Chocolate Thumbprint Cookies with Rich Chocolate Ganache Recipe
These Chocolate Thumbprint Cookies are rich, chocolaty delights featuring a soft cocoa-infused cookie base with an indulgent semi-sweet chocolate ganache center. Perfect for chocolate lovers, these cookies combine the tender crumb of buttery cocoa dough with a smooth, creamy ganache filling and optional festive sprinkles for added charm.
- Author: Logan
- Prep Time: 15 minutes
- Cook Time: 10 minutes
- Total Time: 1 hour 25 minutes
- Yield: About 34 cookies 1x
- Category: Dessert
- Method: Baking
- Cuisine: American
- Diet: Vegetarian
Dry Ingredients
- 1 1/2 cups (188 g) all-purpose flour, spooned and leveled
- 1/2 cup (40 g) cocoa powder (Dutch process)
- 1/2 tsp salt
- 1/2 tsp baking powder
Wet Ingredients and Sugars
- 3/4 cup (168 g) unsalted butter, softened
- 3/4 cup (165 g) light brown sugar, packed
- 1/4 cup (50 g) granulated white sugar
- 2 egg yolks, at room temperature
- 1 1/2 tsp vanilla bean paste or extract
Ganache
- 1 cup (200 g) semi-sweet chocolate chips
- 1/2 cup (120 ml) heavy whipping cream
Optional
- Nonpareils for sprinkling on top
- Prepare Dry Ingredients: In a medium bowl, whisk together the all-purpose flour, Dutch process cocoa powder, salt, and baking powder until well combined. Set aside for later use.
- Cream Butter and Sugars: In a large bowl, use an electric mixer to cream the softened unsalted butter with the light brown sugar and granulated white sugar for about two minutes until the mixture is light and fluffy.
- Add Egg Yolks and Vanilla: Mix in the egg yolks and vanilla bean paste or extract until the mixture becomes pale in color and fluffy, approximately 1-2 minutes.
- Combine Dry and Wet Mixtures: Gradually add the dry ingredient mixture to the wet ingredients. Mix just until combined to avoid overworking the dough.
- Form Cookie Dough Balls: Scoop about 1 tablespoon of dough per cookie to create roughly 34 portions. Roll each portion gently into balls and place onto parchment-lined baking sheets.
- Create Indents: Using a 1/4 teaspoon or similar tool, press down the center of each dough ball to create an indent suitable for the ganache filling later.
- Chill Dough: Refrigerate the prepared dough balls on the baking sheets for at least one hour. You may keep all dough balls on one sheet or separate them across multiple sheets after chilling.

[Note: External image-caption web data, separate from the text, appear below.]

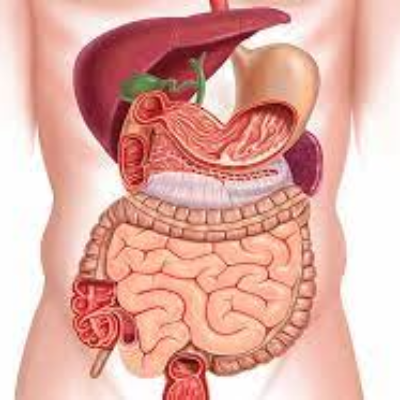 Advance Certificate Course in Gastroenterology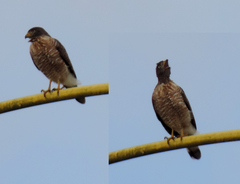 Rupornis magnirostris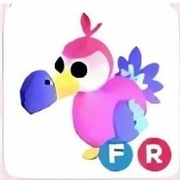 Dodo FR || Adopt me || Roblox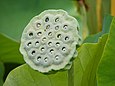 Samenkapsel der Indischen Lotosblume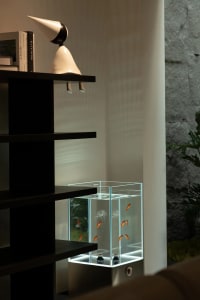 A modern interior featuring a sleek, glass aquarium with fish swimming inside, placed next to a black bookshelf with decorati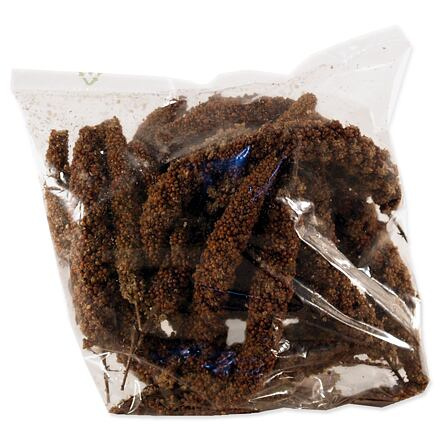 Avicentra buráky ve skořápce 10kg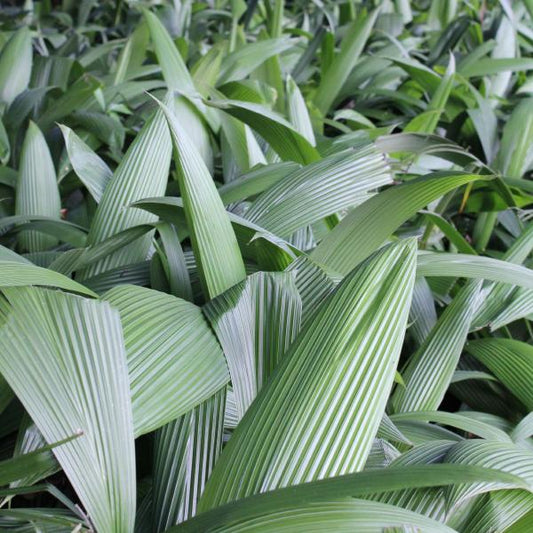 Plicata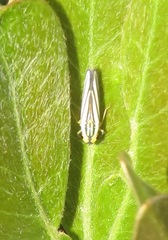Poecilocarda cosmopolita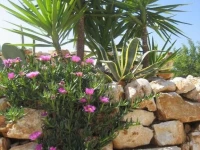Masseria Due Torri 
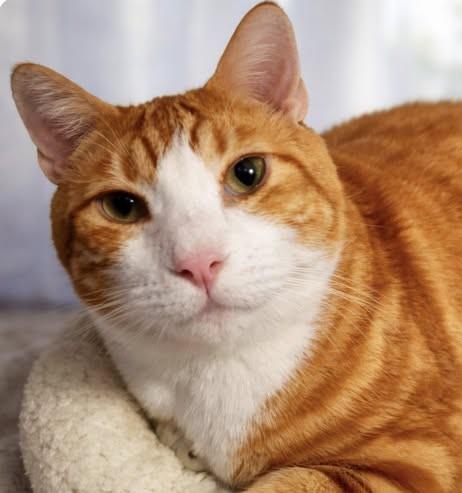 Hobbes, Adoptable, Adult Male Domestic Short Hair.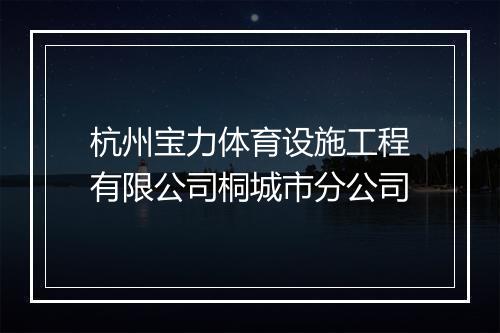 杭州宝力体育设施工程有限公司桐城市分公司
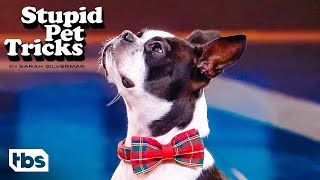This Dog Knows How To Read (Clip) | Stupid Pet Tricks | TBS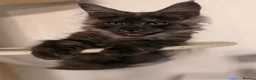 Maine Coon cats for sale: One beautiful black smoked Maine coons ready soon - Advert 8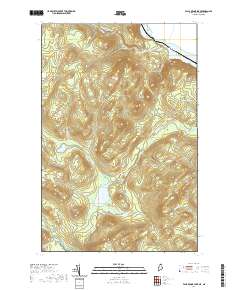 Falls Brook Lake 2021 topographic map thumbnail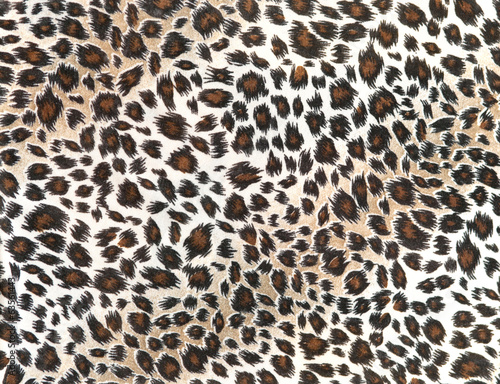 leopard tiger skin texture background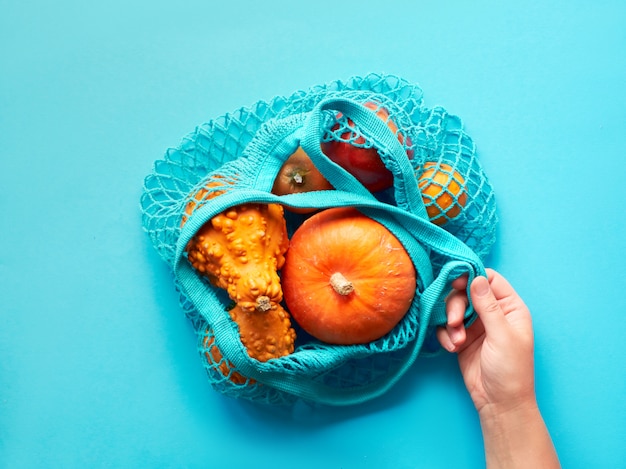 Otoño plano yacía con mano femenina sosteniendo una bolsa de hilo turquesa con calabazas naranjas sobre papel azul menta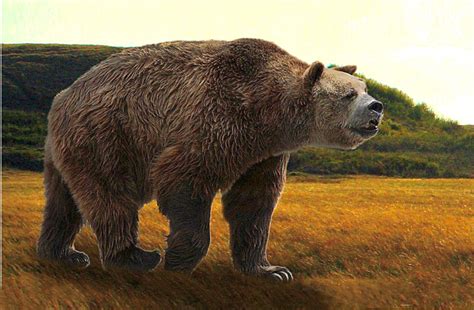 Short-faced Bear | Short faced bear, Megafauna, Prehistoric wildlife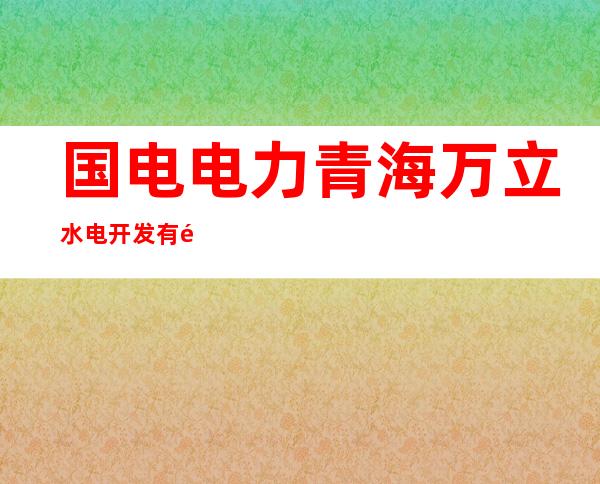 国电电力青海万立水电开发有限公司学科电站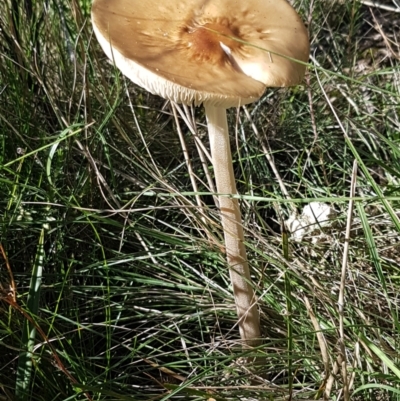 Oudemansiella gigaspora group (Rooting Shank) at Goulburn Mulwaree Council - 12 Apr 2021 by trevorpreston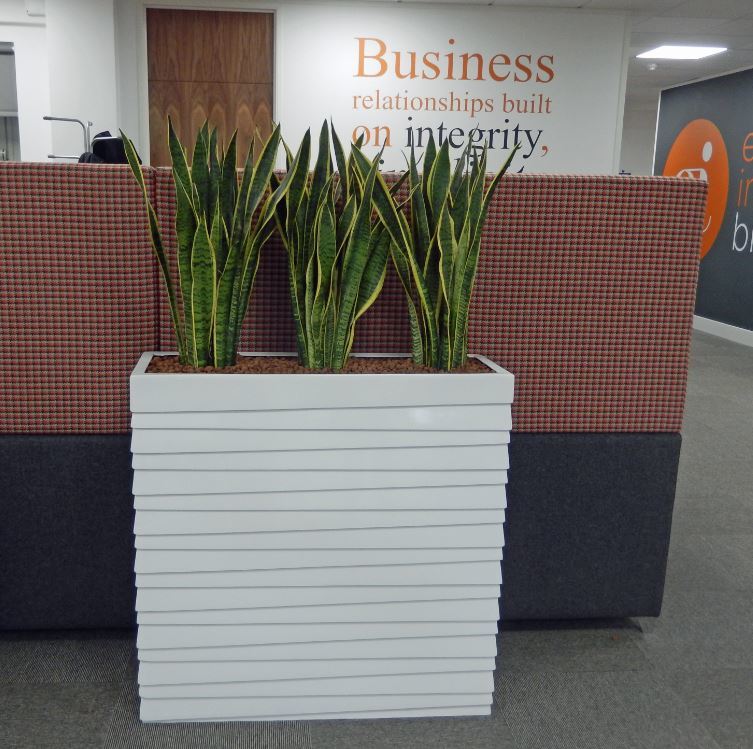 Groovy Barrier Trough Plant Display acting as a Office Screen
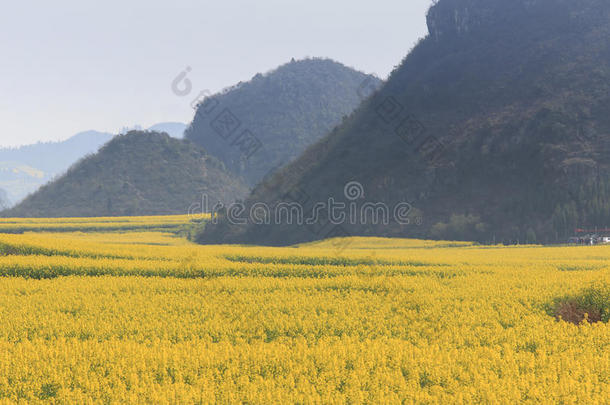 蜜蜂蜂巢养蜂人蓝色水牛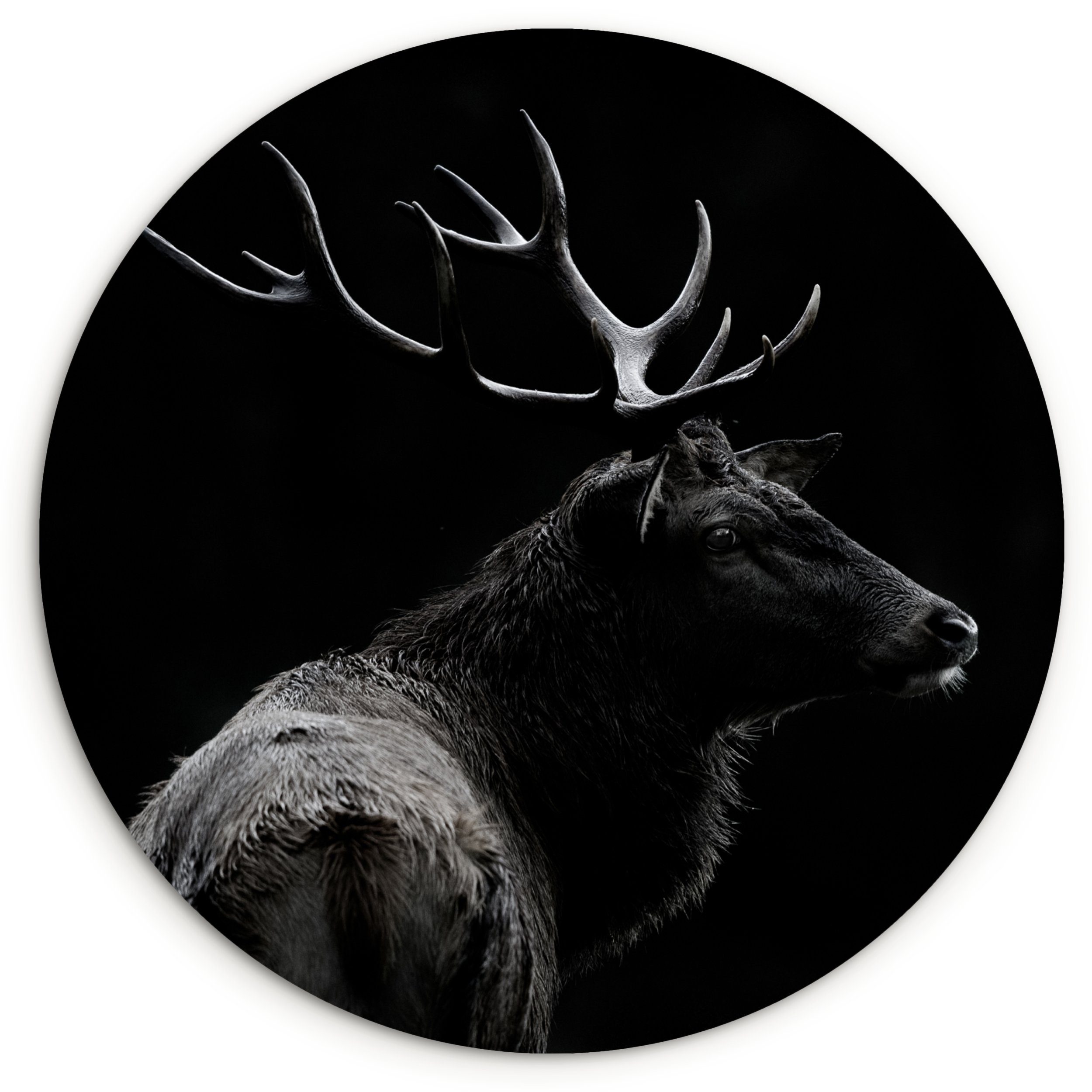 MuchoWow Gemälde Hirsch - Schwarz - Porträt - Geweih - Tiere, Fotodruck (1 günstig online kaufen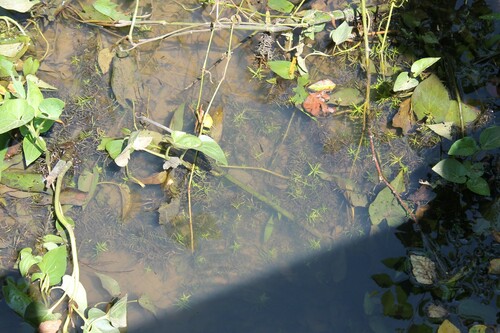 Waterpurslane (Didiplis diandra)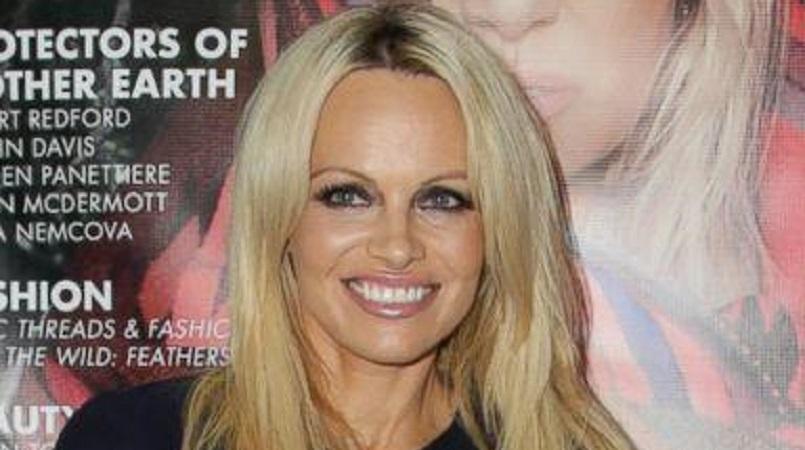 805px x 450px - Pamela Anderson: 'Porn killed Playboy' | Loop PNG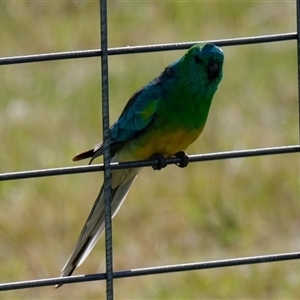 Psephotus haematonotus at Strathnairn, ACT - 24 Oct 2024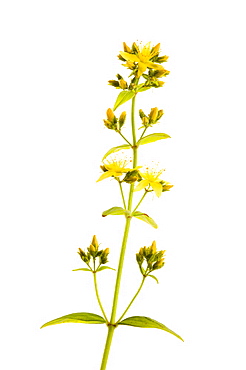 Hairy St John's wort (Hypericum), close up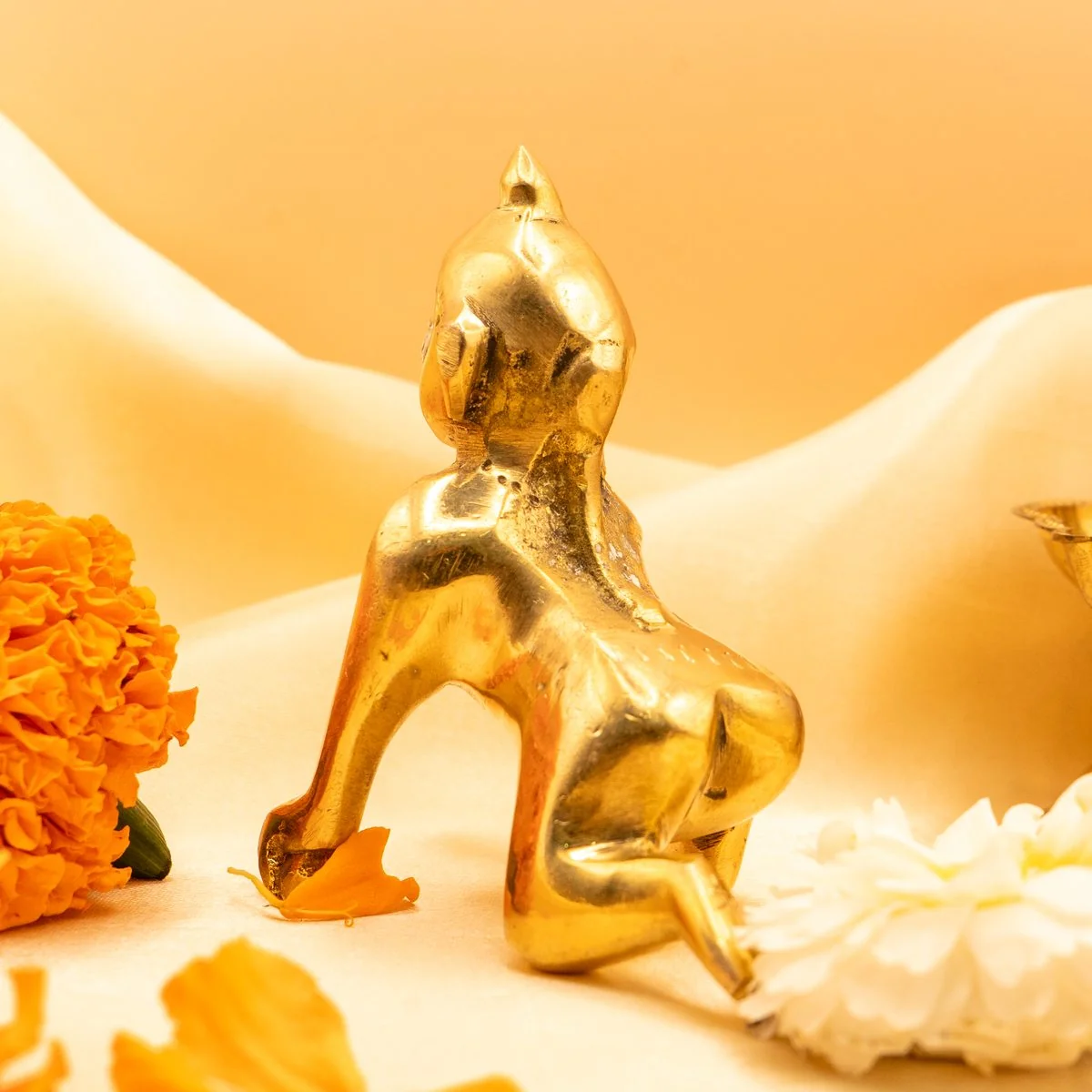 Brass Laddu Gopal view 3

- Preheat Oven: Set your oven to 350 degrees Fahrenheit (177 degrees Celsius) and prepare to bake the cookies.
- Bake Cookies: Arrange chilled dough balls about 1 1/2 inches apart on the baking sheets. Bake for 9-11 minutes; 10 minutes is recommended for optimal texture.
- Refine Shape: While cookies are still warm, lightly press centers again with a 1/4 teaspoon to restore indents. Optionally, use a circular cookie cutter to perfect the cookie shape and return them to original size.
- Cool Cookies: Allow cookies to cool on the baking sheet for 5 minutes before transferring them to a wire rack to cool completely.
- Prepare Ganache: Place semi-sweet chocolate chips in a small bowl. Heat heavy cream until just before boiling, then pour it over the chocolate chips. Let sit for 1 minute to soften the chocolate.
- Mix Ganache: Stir the heavy cream and chocolate chips together until smooth and glossy forming a ganache.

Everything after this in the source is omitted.